After ten weeks of fantastic television, I guess having an average show is to be expected. It’s also understandable. Unlike their counterparts on Mondays and Fridays, even the average shows for AEW are enjoyable at this point. Here are the “booms” (hits) and “duds” (misses) for Mar. 11, 2020.
Is it just me, or did last night’s episode of AEW Dynamite have a “two steps forward, one step back” feeling? There wasn’t anything terrible on the show, but it seemed like for every couple of positives, there were a few interesting decisions.

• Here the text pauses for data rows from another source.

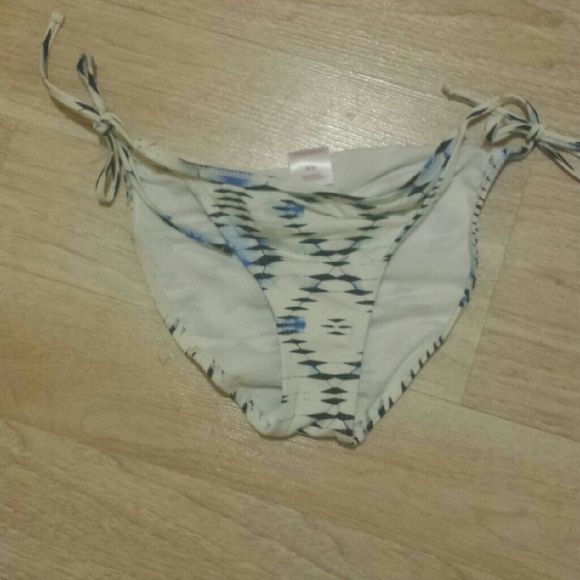 Bikini bottom - Picture 4 of 4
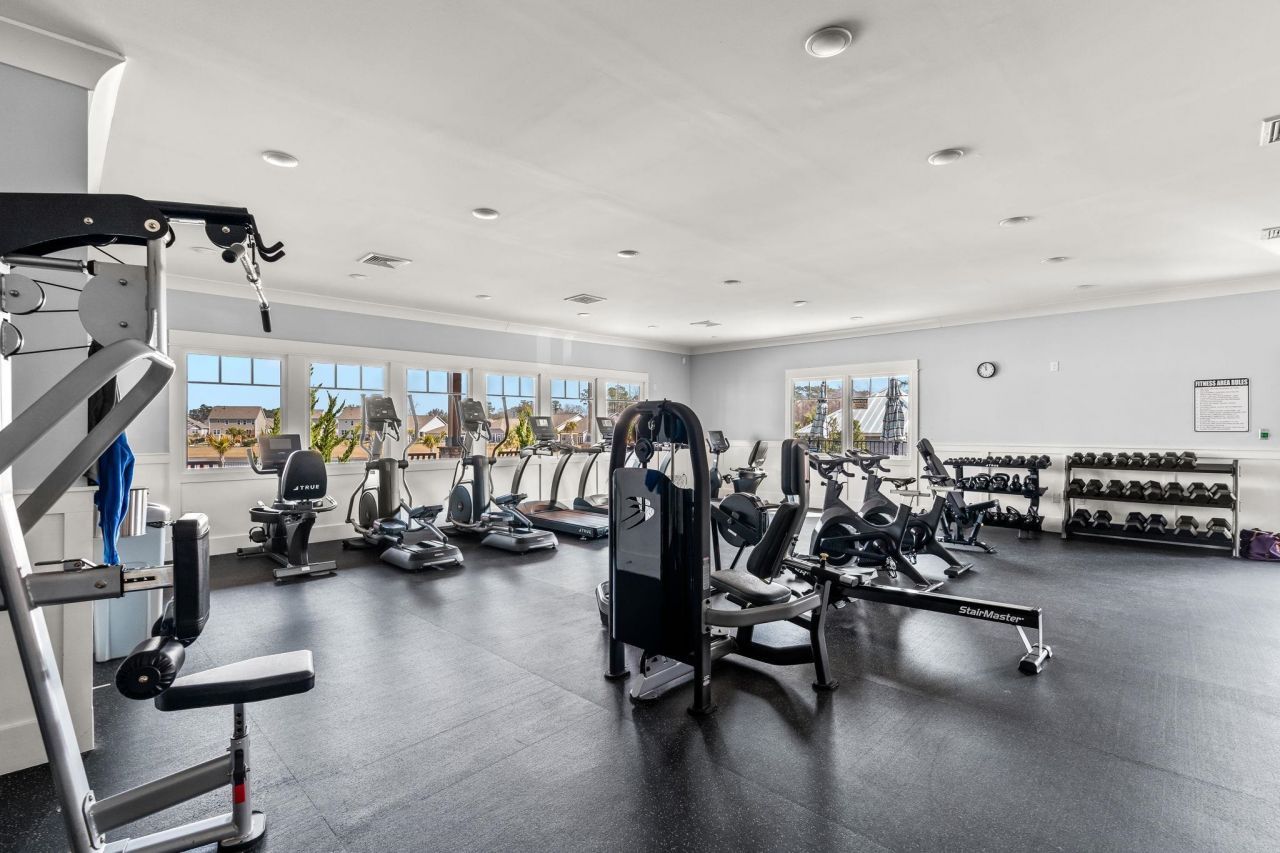 3025 Sutherland Dr. Photo 36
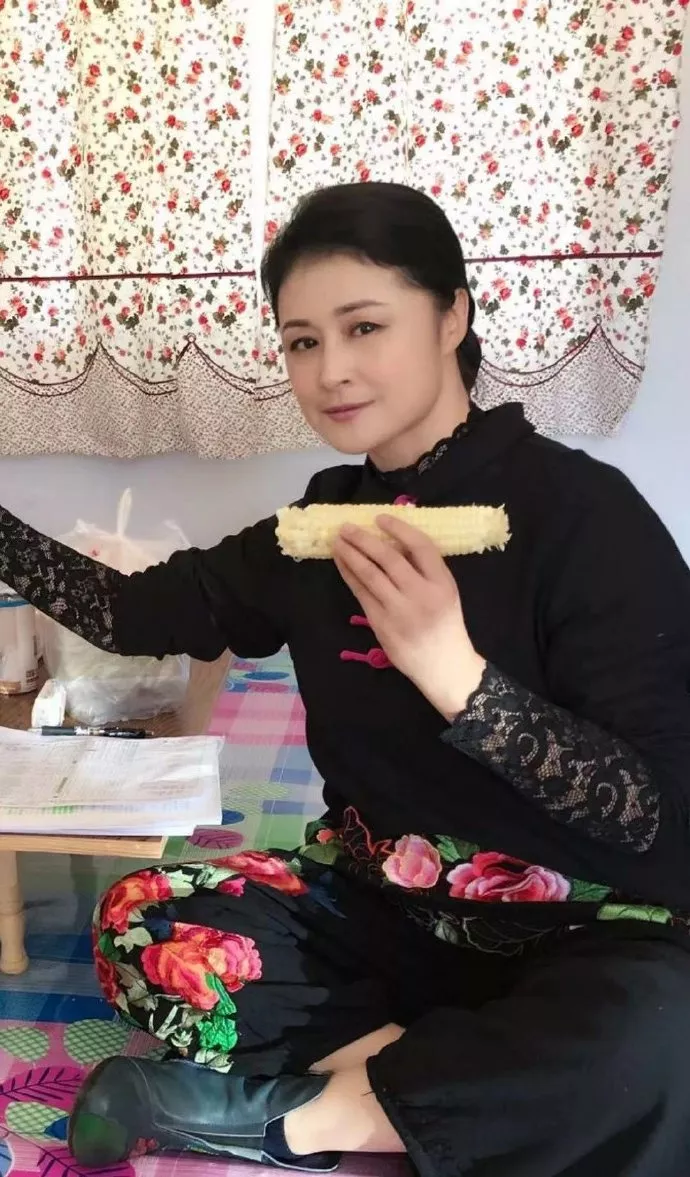 更是《乡村爱情故事》里泼辣豪爽的谢大脚.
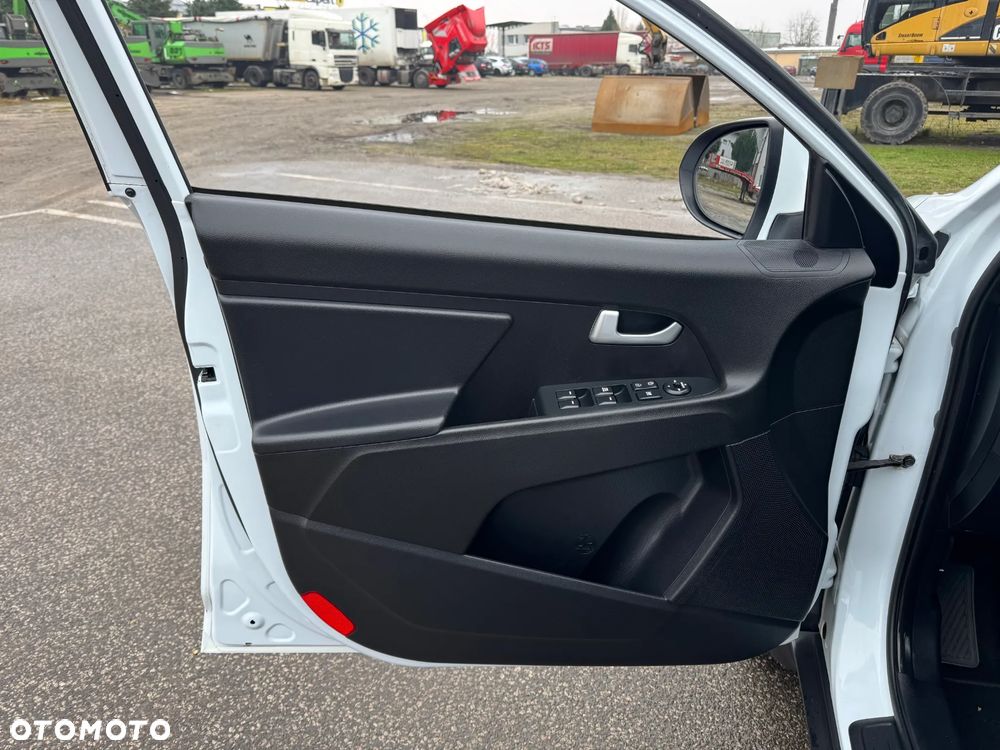 Kia Sportage 1.6 GDI M 2WD - 25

It’s not like my qualms have to do only with what happened in the ring, or only with happened on the mic.
Rather, unlike previous episodes, I wasn’t left with a sense of wanting to see the next episode, at least as enthusiastically as the previous editions of this piece. I was left with questions rather than anticipation.
As a reminder of my criteria, I’m not going to run through each match/segment. Rather, I will identify a couple of segments that either worked (“boom”) or didn’t for whatever reason (“dud”).

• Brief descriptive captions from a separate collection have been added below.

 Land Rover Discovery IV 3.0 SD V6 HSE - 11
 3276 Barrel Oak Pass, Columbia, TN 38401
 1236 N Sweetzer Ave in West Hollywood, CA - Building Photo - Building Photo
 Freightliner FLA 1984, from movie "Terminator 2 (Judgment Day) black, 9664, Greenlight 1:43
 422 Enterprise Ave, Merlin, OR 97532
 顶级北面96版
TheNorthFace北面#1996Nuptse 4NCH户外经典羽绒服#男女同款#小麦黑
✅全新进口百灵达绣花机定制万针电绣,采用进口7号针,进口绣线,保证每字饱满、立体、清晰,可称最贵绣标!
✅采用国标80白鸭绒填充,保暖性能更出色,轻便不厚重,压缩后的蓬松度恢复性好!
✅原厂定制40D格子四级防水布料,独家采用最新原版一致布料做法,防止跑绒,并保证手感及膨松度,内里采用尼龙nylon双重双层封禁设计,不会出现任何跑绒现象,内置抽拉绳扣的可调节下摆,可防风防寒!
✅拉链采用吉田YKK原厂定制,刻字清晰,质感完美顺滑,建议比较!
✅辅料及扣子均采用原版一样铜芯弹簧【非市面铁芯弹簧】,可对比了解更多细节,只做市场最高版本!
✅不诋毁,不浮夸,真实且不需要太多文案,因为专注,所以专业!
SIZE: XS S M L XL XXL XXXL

My criteria includes quality of match/segment and how it starts and/or builds stories. After all, we watch partly to be caught up in the stories. If a great work-rate match happens with no context or bearing on the stories, it’s going to be a miss.
Also, just because something is a hit/miss doesn’t mean it was an overwhelming choice. The selection could be 51 percent hit, 75 percent miss, and so on.

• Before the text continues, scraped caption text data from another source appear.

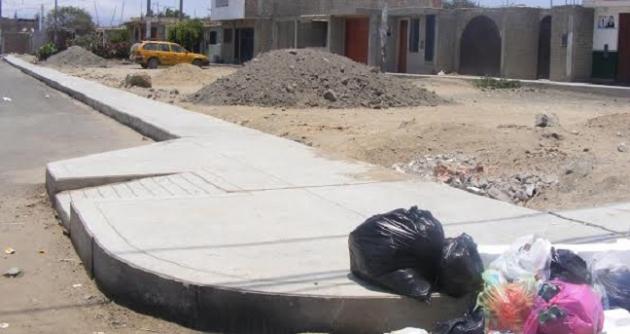 La basura no se recoge hace dos semanas en varios sectores de Nuevo Chimbote. Los pobladores temen la propagación de enfermedades principalmente en los niños. (Foto Chimbotenlinea.com)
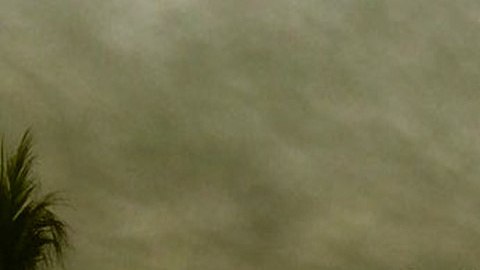 Rescatistas y bomberos en busca de sobrevivientes del accidente ocurrido en los límites de de Michoacán y Guerrero.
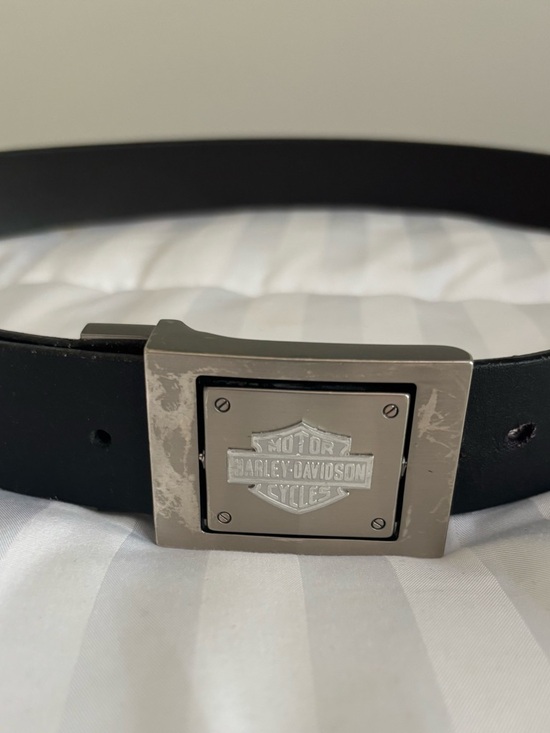 Harley-Davidson Other - Harley-Davidson Black Leather Belt with Brushed Silver Emblem Buckle size 40
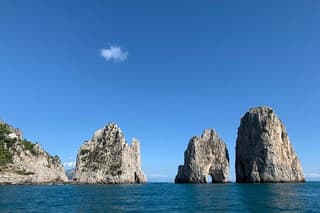Sorrento Capri boat tour 7h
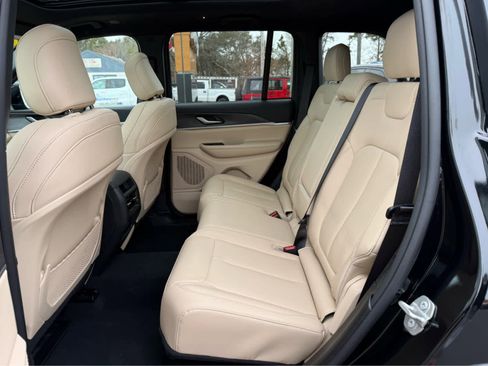 Used 2024 Jeep Grand Cherokee Limited image 23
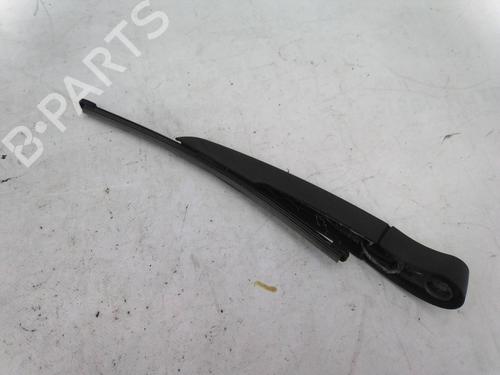 Used Rear windshield wiper arm Rear windshield wiper arm 19827617 19827617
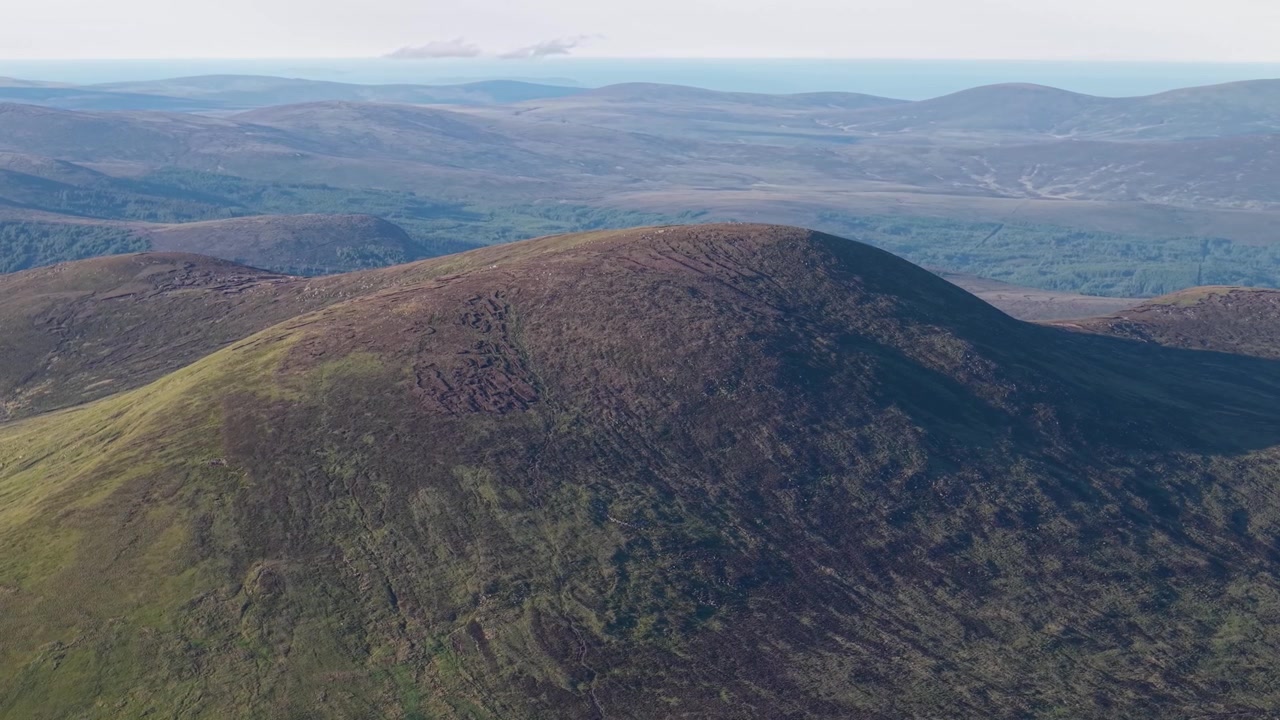 Tonelagee Dağı ve Wicklow Dağları'nın geniş hava görüntüsü, Wicklow Kontluğu, İrlanda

There are other subtleties to my criteria, but those are pretty much the parameters.
The night started off with Cody vs. Ortiz; Women’s Champion Nyla Rose and Bea Priestley vs. Hikaru Shida and Kris Statlander; MFJ, The Butcher, and The Blade vs. Jurassic Express; the debut of Death Triangle (Trianglo de la Muerte) against Private Party and Joey Janela; and Adam Page and a mystery partner vs. Chris Jericho and Sammy Guevara.